I’ll keep my 50 year old mechanical watching, thanks. All it does is tell the time (reasonably accurately)
I just got an iPhone )a used 5S) and was somewhat amazed that in setting up cities for the “time” app, my west coast city of a million or so was not on the extensive world list but Cupertino was.
Still I have to say having my first Apple product, it is a thing of beauty (before it went into the ugly plastic case) – a beautiful industrial design. Brushed aluminum in “space gray”. They seem to go to a lot of effort making sure the product is appealing to the senses, in addition to its features.
As for the watch, it seems to remind me of the gizmo found on the wrist of Keira Cameron, the “protector” from 2077 who found herself back in 2012 chasing her contemporary terrorists from the same (2077) future.
I bought my technophobe wife a new Apple iPhone of the most basic design. Since our children don’t answer their phones or return calls, she can now text them. If she can get our grand daughter to teach her how to do it.
Mike i couldn’t understand what all the fuss was about texting but am a convert now.
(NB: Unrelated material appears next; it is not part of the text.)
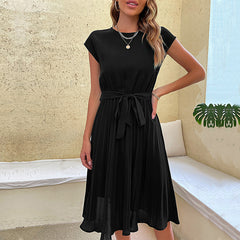 Summer Pleated Short-sleeved Dress INS Fashion Waist-tied Beach Dresse Women's Clothing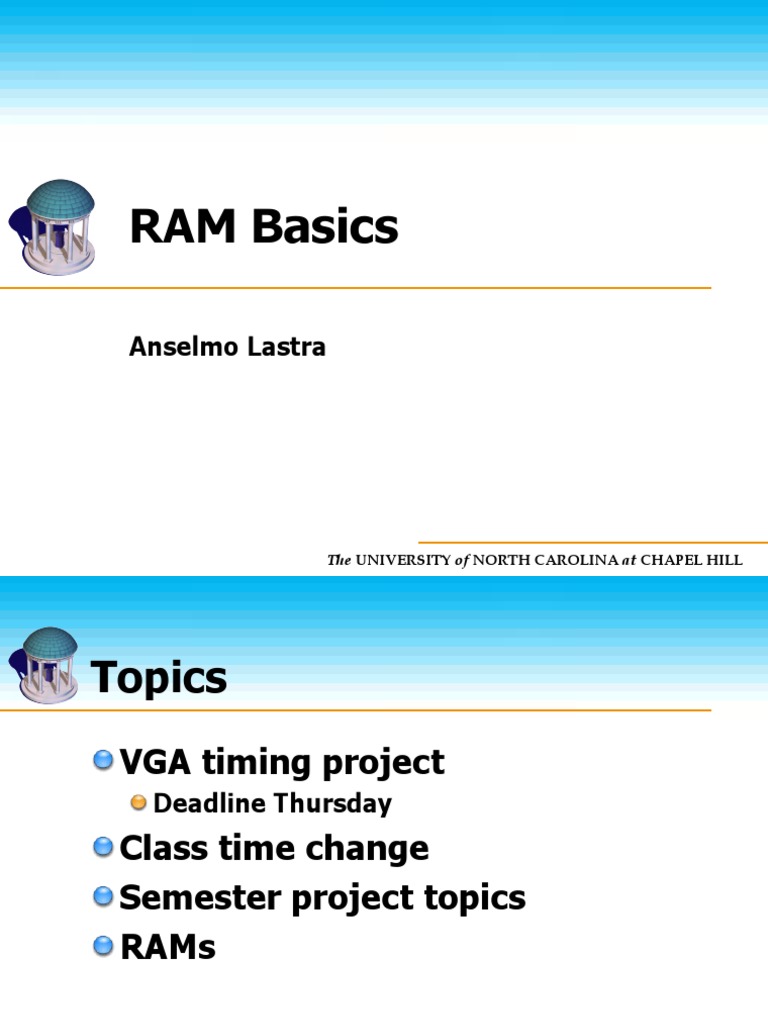RAM Basics: Anselmo Lastra | PDF | Dynamic Random Access Memory ...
As as aside my old flip phone was so easy that I would occasionally use it while driving – but a few attempts with the smart phone while driving to Bodega Bay and I gave it up – too dangerous with attention diverted too long a time….
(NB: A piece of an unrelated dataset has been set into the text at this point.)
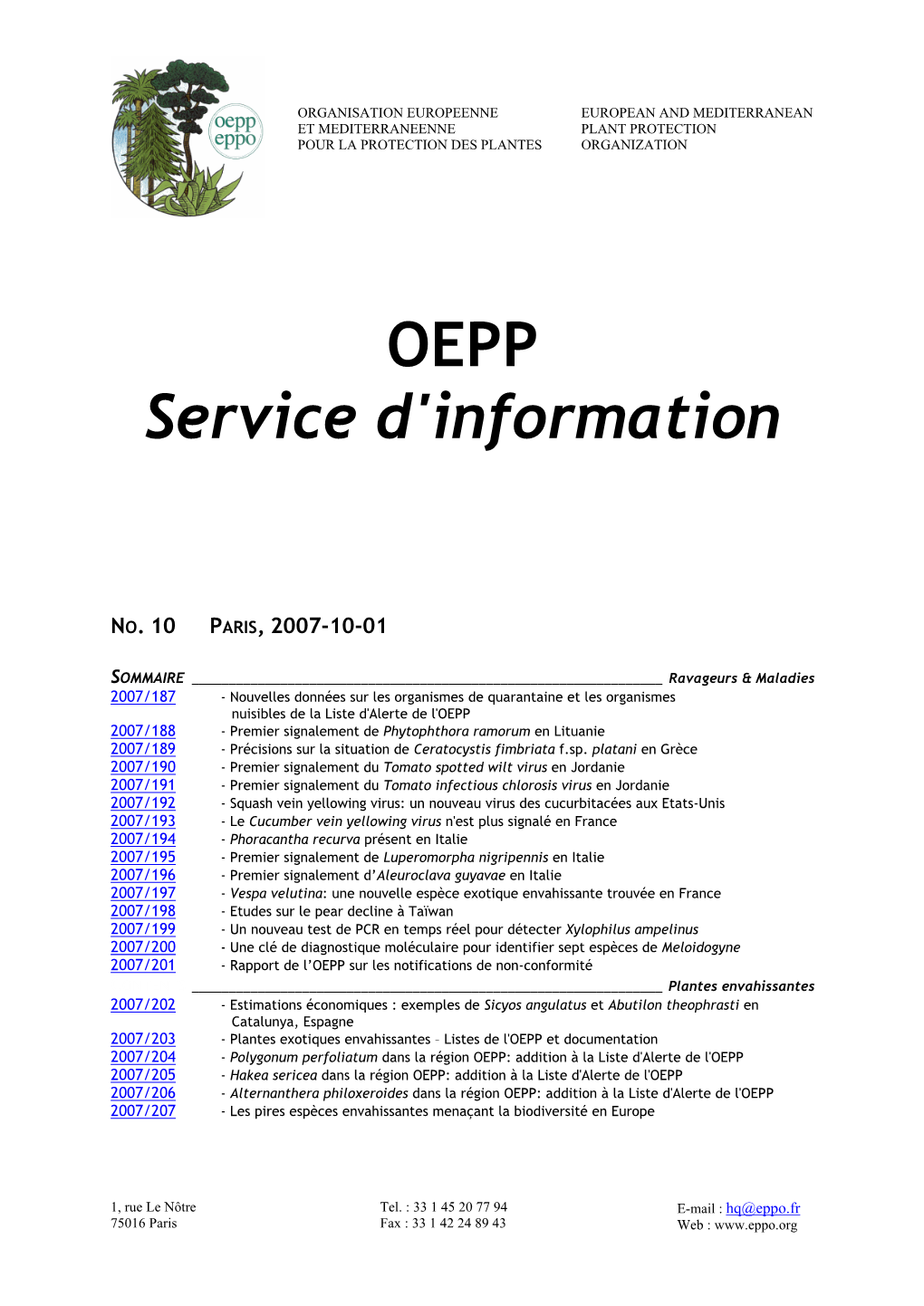 EPPO Reporting Service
(too bad i can’t edit my posts) – but as to teaching your wife how to text Siri can do it – if the children are in the contacts file, just say “Siri text Jane Smith You don’t answer your phone so here is a text” – Siri prints it on the screen, asks you if it is ready to send and voila – it is gone…
Siri is amazing. That’s a truly impressive app.
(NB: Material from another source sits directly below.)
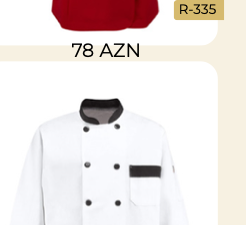 Ağ-qara cibli aşpaz gödəkcəsi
I don’t understand these things. They are all tied to a phone, in your pocket, which can do far more than the silly watch.
I guess it’s some kind of fashion satement.
It’s an attempt to sell stuff. If people buy it it will be improved and competitors will introduce their own wrist-computers. If people don’t buy it Apple will shift more investment to other product lines. Everything depends on whether customers find it useful enough to pay for. See how that works?
I’ll stick with the $6 digital metal watch I got at Big Lots. If I want the temperature, I’ll walk outside.
Sometimes I think technology is introduced not with some idea as to usefulness but just because they can. Case in point: I am driving someone’s 2011 car in the parking lot, notice a little red LED in the door controls, and thinking it is a door ajar, open the door to slam it – the car literally locks the wheels – scares the !@#$%^ out of me.
Then I am wondering if it does that at 45 mph in addition to 5 mph.
Definitely not useful nor a safety feature IMO.
Personally I think a watch should be functional as a watch and tell the time. But then perhaps i would have wondered about the folly of micro processors. Had a boss in the 80s who was an old mainframe guy – toy computers he called them. Nothing will ever come of them.
“It’s an attempt to sell stuff. If people buy it it will be improved and competitors will introduce their own wrist-computers. If people don’t buy it Apple will shift more investment to other product lines. Everything depends on whether customers find it useful enough to pay for. See how that works?”
I guess this is meant for me.
I won’t use anything Apple makes. It’s for the herd and I’m not in one. As well the blatant theft of FreeBSD’s kernel for OSX was amusing but not something I’ll participate in. Poor ol FreeBSD thought the GPL was too far. M$ boosted their entire TCP IP stack and Apple took the kernel.
Anyhoo the entire watch thing is pretty pointless, as far as I can tell. Apparently it’s a failure by any standards.